Fall 2007
In this Issue:
Focus On Biomaterials
Therapy vs. Enhancement: The Ethics of Neural Engineering
What are the risks and what are the benefits of placing electrodes into the brain? Where does therapy stop and enhancement begin? Given the expense of neural engineering, how are the costs and benefits of neurosurgery shared by society?
These were some of the issues debated at what some billed as the first international conference on the ethics of neural engineering – Implanting Change: The Ethics of Neural Prosthetics – held at Penn State in September 2007. If none of the answers was entirely conclusive, that may be because the debate is just beginning. The ability to make truly revolutionary improvements in the functioning of the brain has only recently been proven.
“We decided several decades ago that psychosurgery was immoral in many ways,” says Penn State neurosurgeon Steven Schiff. “We shut down whole areas of destructive neurological surgery trying to alter the minds of people. We had no effective treatment for those we felt needed treatment or institutional care.
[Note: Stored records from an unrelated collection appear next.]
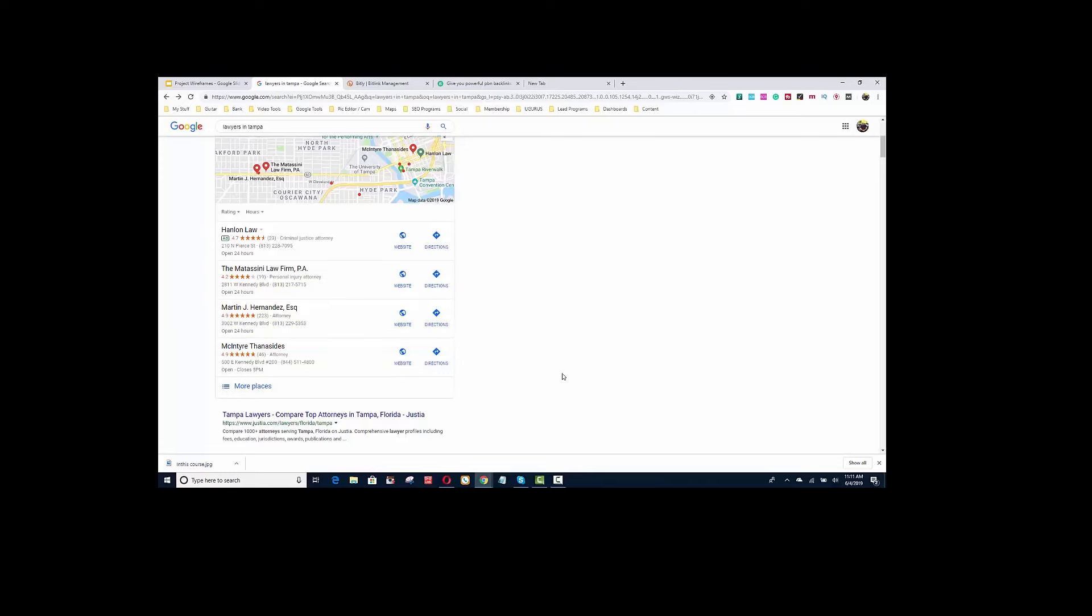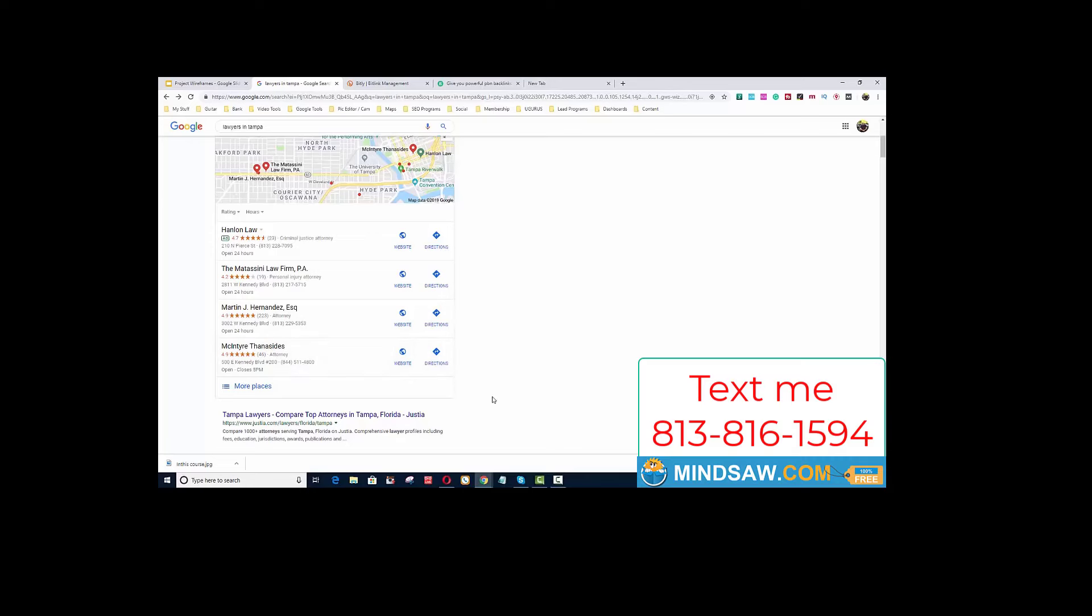Once they satisfy the search and people are clicking that enough times, Google's going to see it as more important than McIntyre, let's just say. They'll see that as more important and they'll start ranking it higher.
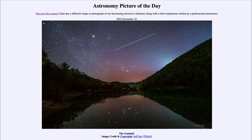Comets are very loosely packed balls of ice and dust that leave debris behind as they come into the inner solar system. Asteroids are generally more solid pieces of material, but perhaps some impact or some other interesting event happened to 3200 Phaethon to allow it to leave debris behind as well, making it the source of the Geminid meteors.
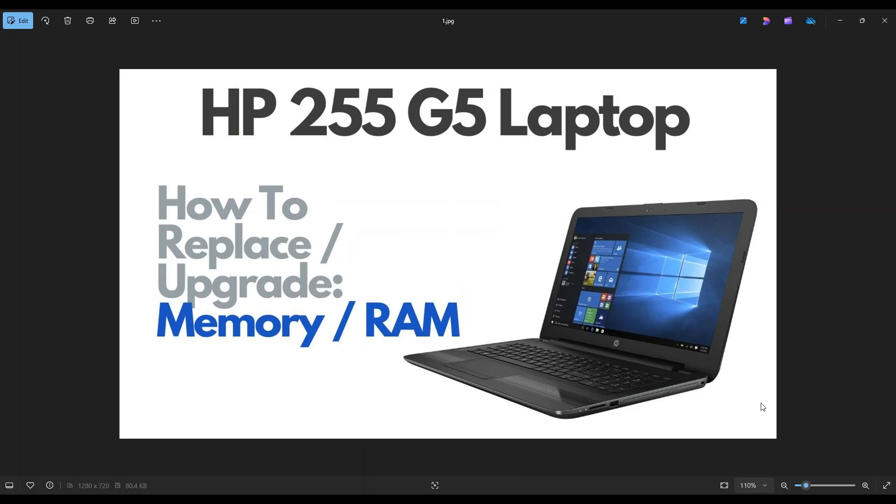Hey guys, my name is Jamin. Thanks so much for visiting my channel. In this video, I have an HP 255 G5 laptop. I'm going to show you how to get inside and access your memory.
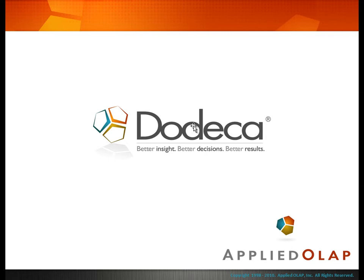This is the second video in a three-part series which will guide you through the process of creating a new Dodeca application. In this video, we'll import EssBase connections as well as discuss the connection properties utilized within Dodeca.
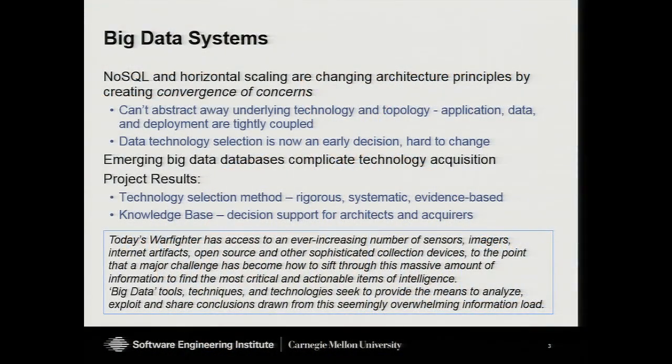As we make these trade-offs between qualities and different data models, we need to select the database technology very early in the development cycle. This is because that trade-off shows up as a pervasive impact across all applications built to use that database. So we need to pick the database before we can start application development — and it needs to get done early, often with incomplete requirements. The focus of our research this year has been how to make that technology selection in an evidence-based, principled, systematic, and repeatable way. We have a method and a knowledge base that supports that.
We’ve stopped doing lobotomies, and now we’re about to revive it under the guise of the technological capability of being able to stimulate almost any place in the brain with what are ‘probably’ acceptable risks. We really need to define very carefully for any of these treatments what are the risks and what are the potential benefits.”
By the early 1950s, according to Joseph Fins of Weil Cornell Medical College, a noted medical ethicist and one of the conference speakers, 50,000 psychosurgery procedures had been performed, many of them on shell shocked and depressed veterans returning from World War II. Lobotomies dwindled in popularity in the late fifties and early sixties with the advent of Thorazine, the first nonsedating tranquilizer. However, longterm studies of the harmful effects of lobotomies left a lingering anti-psychosurgery legacy with the public. Dr. Fins noted that the public is largely unaware of the differences between the deliberately destructive psychosurgery of fifty years ago, and the far more localized and minimally destructive deep brain stimulation (DBS) practiced today. He predicts that in the future nanotechnology and new materials will further reduce the side effects of implantation.
With the proper safeguards, neural engineering for therapeutic purposes should develop with little opposition, the participants concluded. The public seems to be in favor of implants for the control of Parkinson’s tremors and epileptic seizures. Where the controversy begins is when therapy edges over into human enhancement. For instance, placing computer interfaces inside the skull raises the question of what is strictly human and what is artificial. Are the risks of a neural implant worth the potential benefits of increased attention and wakefulness, or a 20-point gain in IQ? It may come down to individual cases. The benefits to a person with much below normal intelligence might be greater than for someone who is already functioning capably in society. We might decide that an airline pilot has greater need for concentration and wakefulness than a student studying for an exam.
Neural engineering is especially problematic in the context of the military. Here there may be special risk versus benefit balances that are uncommon in civilian life. Is it justified to improve a soldier’s capabilities to enable his or her survival in circumstances that would otherwise carry a high risk of death? Customary medical ethics would want the risk of the device to be significantly less than the risk without it. On the other hand, if the neural prosthetic were intended to largely increase the effectiveness of creating injury to others, is this beyond the acceptable scope of medical care?
The technologies of neural engineering now place us at the threshold of the abilities to increase human intelligence, control moods with stimulation, ameliorate depression, increase wakefulness, and enhance concentration. This means that the challenges for the Penn State Center for Neural Engineering will extend well beyond the technical arena at which Penn State excels, and into the domain of the personal and societal implications of brain research where scientists are often reluctant to tread. Clearly, the researchers in this new Center are eager for the challenge, both ethical and scientific, that the emerging field of brain engineering creates. Soon we will find out if we are able and willing to improve on the hand that Nature has dealt us.